Dealing with death benefits is generally well covered in other technical publications but in our experience it's often dealing with the trustee that is still the subject of some confusion.
One of the key rules of SMSFs is that members have to be trustees (or directors of a corporate trustee) and trustees / directors generally also have to be members. Consequently the death of a member will almost always require a change in the trustee arrangements for the fund.
It is reasonably well known these days that the executor of a deceased member can fill some important roles and exercise some important powers in relation to the SMSF. Many of these don’t happen automatically, they simply allow the executor to do certain things without causing the fund to fail to comply with the SMSF rules about trustees and members.

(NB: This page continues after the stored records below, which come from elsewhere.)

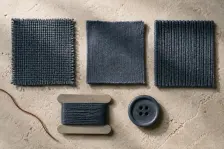 One indigo rendered on five substrates in a row, a coarse woven, a jersey, a rib, a wound thread card and a button, each landing a shade away from the one beside it
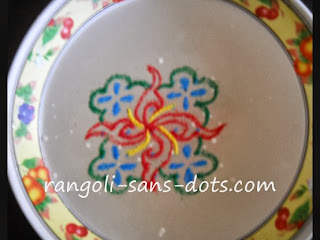 rangoli in water with 5 by 5 dot pattern. rangoli-on-water-5dots.jpg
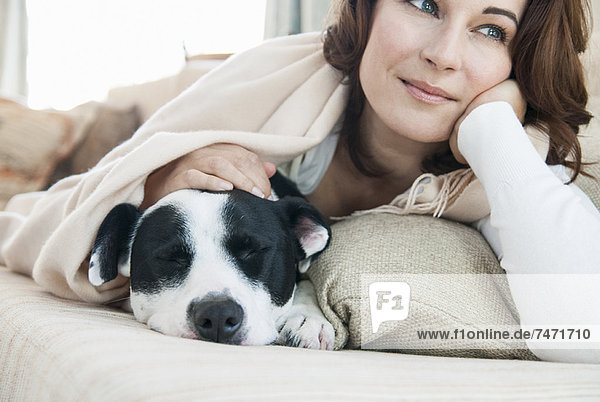 Frau entspannt auf Sofa mit Hund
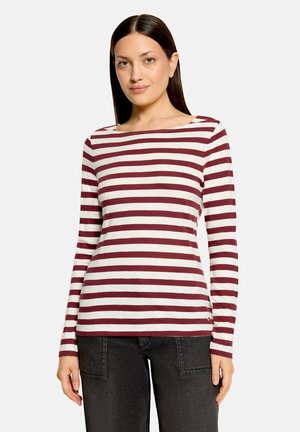 Femme aux cheveux raides et foncés portant une chemise à manches longues blanche et bordeaux rayée, et un jean foncé, debout devant un fond uni.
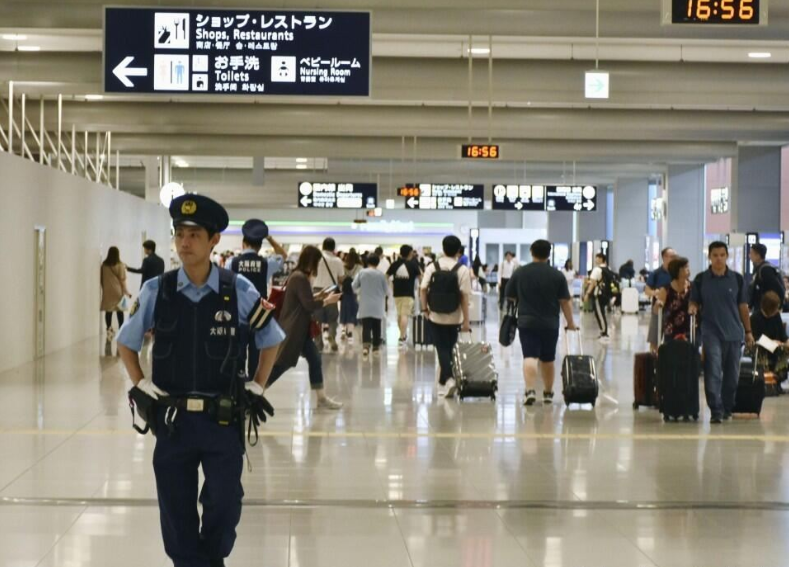 环球时报■涉嫌诈骗后潜逃，中国男子为买口罩返回日本后被逮捕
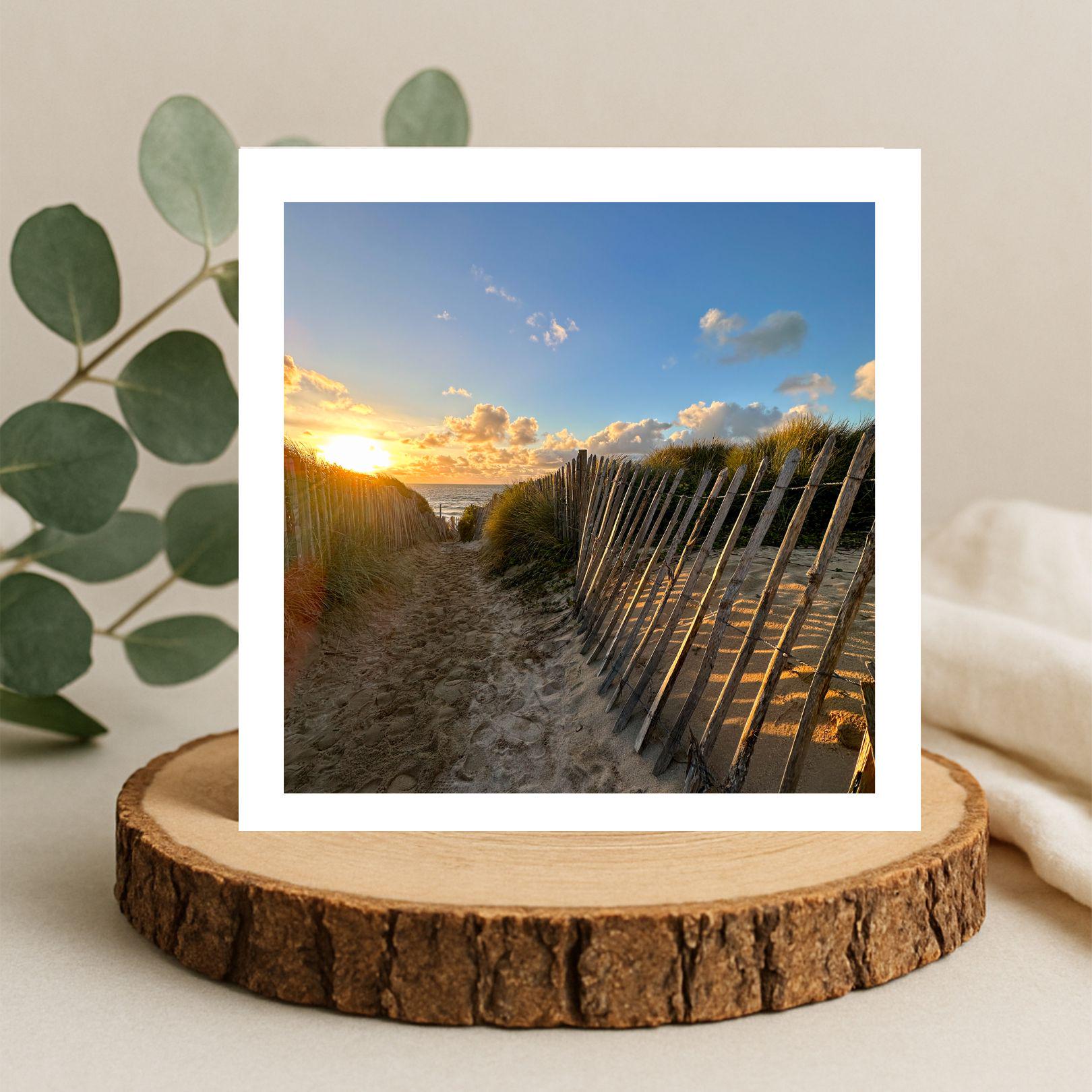 Greetings card with a sunset over a sandy path with wooden fences on a wooden stand.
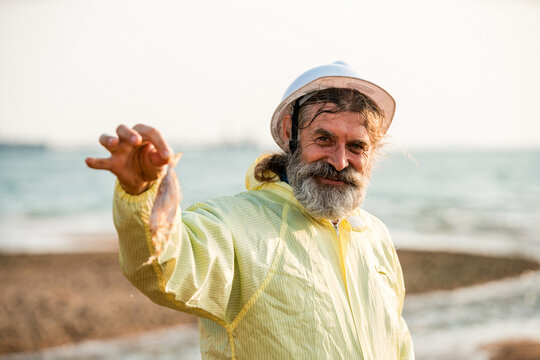 A bearded man in a hard hat and yellow raincoat smiles on the beach, proudly holding a small fish with the sea and shoreline in the background.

- The executor can become an individual trustee (or director of the corporate trustee) in place of a deceased member without breaching the trustee rules. But this doesn’t happen automatically – it would require the normal process for appointing a new trustee / director. For a corporate trustee the relevant document will be the constitution – how are new directors appointed? For individual trustees it will be the trust deed which will often grant that power to the fund’s members or remaining trustee(s). Superannuation law doesn’t make it happen, it just allows it to happen.
- This special ability for the executor to be a trustee / director despite not being a member only applies during a finite period of time: starting on death and ending when the death benefit starts to be paid out. If the death benefit is paid out immediately – for example, via a reversionary pension to the spouse, that period never actually arises.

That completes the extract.